===== Raw data

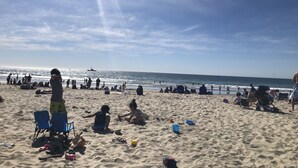 A beach with people sitting and walking, and a ship in the distance. - Beachee Townhouse  (San Diego)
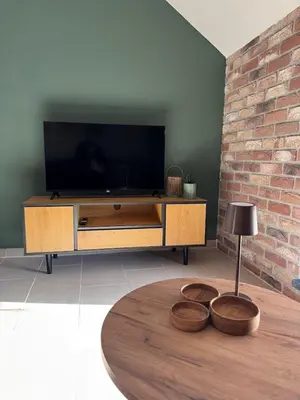 Télévision ou salle de divertissement dans l'établissement Appartement à Ohain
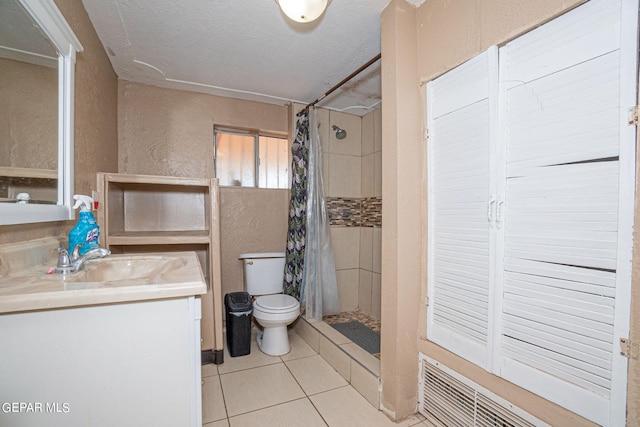 bathroom with a stall shower, toilet, tile patterned flooring, a textured ceiling, and vanity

==========

(What the task requires) Write out all of the data above exactly, without any of its pictures.

(Response area)
 A beach with people sitting and walking, and a ship in the distance. - Beachee Townhouse  (San Diego)
 Télévision ou salle de divertissement dans l'établissement Appartement à Ohain
 bathroom with a stall shower, toilet, tile patterned flooring, a textured ceiling, and vanity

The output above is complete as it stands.